The study area comprises two natural populations of the apricot (P. armeniaca), located in the mountainous regions of Mangistau region (Kazakhstan), where the key collection points for leaf material are at 44°13′172″ N and 51°58′548″ E. These sites lie within a mid-mountain zone with steep slopes, ravines, and screes. Elevations in these mountains vary from 200–300 m in the foothills to 700–800 m and higher in the most elevated areas. The climate is sharply continental, with hot, dry summers, cool winters, and annual precipitation ranging between 100 and 200 mm, mainly in spring and autumn. The soil cover primarily consists of gravelly and rocky soils with a thin humus horizon; lower-lying areas often have more profound, moister soils supporting woody and shrubby vegetation. The region’s floral diversity is high; xerophytic shrubs and subshrubs from the genera Artemisia L., Caragana Lam., and Atraphaxis L. dominate the semi-desert communities, while riparian zones feature species such as Salix alba L., Elaeagnus angustifolia L., and Populus L. spp., along with various perennial grasses including Mentha longifolia, and members of the genera Carex L. and Juncus L. Among the most critical woody and shrubby species, besides the apricot, are wild forms of the Sievers apple (Malus sieversii (Ledeb.) M.Roem.) and the dubious hawthorn (Crataegus ambigua C.A. Mey. ex A.K. Becker), which form small thickets on rocky slopes and in ravines. In open, sunny areas, wormwoods (Artemisia austriaca L., Artemisia santolina Schrenk) and members of the Brassicaceae Burnett, nom. cons. family (Lepidium L., Alyssum L., etc.) are dominant, supplemented by shrubs such as Caragana grandiflora DC. and Atraphaxis replicata Lam., which are well adapted to dry conditions. Western Karatau is also home to numerous rare and endemic species, many of which are listed in Kazakhstan’s Red Data Book. Due to the area’s relative inaccessibility, minimally disturbed natural communities have been preserved, and apricot populations are particularly interesting for botanical and genetic research. Leaf material was collected following conservation principles to obtain valuable scientific data on the morphological variability of apricots in a mountainous, sharply continental climate and to inform future conservation and breeding programs for this species.
Samples were flash-frozen in liquid nitrogen in the field and transported to the laboratory at −80 °C [23]. DNA was extracted using two methods: a sodium dodecyl sulfate (SDS)-based method and a hexadecyltrimethylammonium bromide (CTAB) method, both modified as required for sequencing [24].
CTAB Method (D-Plants kit): 1 g of crushed leaf material was treated in liquid nitrogen with 0.5 g polyvinylpyrrolidone (PVP, Mr 10,000) to prevent polyphenol oxidation. Next, 15 mL of freshly prepared CTAB buffer (20 mM EDTA, pH 8.0; 100 mM Tris-HCl, pH 8.0; 1.5 M NaCl, and 2% CTAB) containing 1% β-mercaptoethanol was added [25]. The mixture was incubated at 65 °C for 2 h, with gentle mixing every 10 min to maximise DNA yield. DNA was extracted using a chloroform–isoamyl alcohol mixture (24:1), followed by centrifugation (11,000× g, 15 min, room temperature).
DNA Precipitation: To precipitate DNA, chilled isopropanol (twice the extract volume) and 1/3 volume of sodium acetate (3 M, pH 5.2) were added, and the mixture was incubated overnight at −20 °C. After centrifugation (4500× g, 90 min, 4 °C), the pellet was washed twice with 70% ethanol, air-dried, and dissolved in 500 µL of nuclease-free water [26].
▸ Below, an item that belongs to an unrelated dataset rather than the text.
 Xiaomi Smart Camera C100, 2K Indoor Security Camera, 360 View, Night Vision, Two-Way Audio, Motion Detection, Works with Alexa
2.2. Library Preparation and Sequencing

A total of 1.5 µg of high-molecular-weight DNA was used to prepare libraries with the SQK-LSK114 kit from Oxford Nanopore Technologies [27]. End-repair and adapter ligation were performed using the NEBNext End Repair/dA-Tailing Module [28]. After library preparation, the DNA was loaded into an FLO-MIN114 flow cell on a MinION Mk1B device. Sequencing was performed for 72 h using the MinKNOW software (v 24.06.5) [29].

2.3. Data Processing

Raw sequencing data (fast5 format), including provided files, were processed on the Galaxy platform [30]. Reads were converted to fastq format using the Guppy Basecaller (v 6.1.7) with the dna_r9.4.1_450bps_hac.cfg model [31]. Read quality and statistical metrics were assessed with MinION QC (v 1.4.2) [32] and NanoPlot (v 1.33.0) [33].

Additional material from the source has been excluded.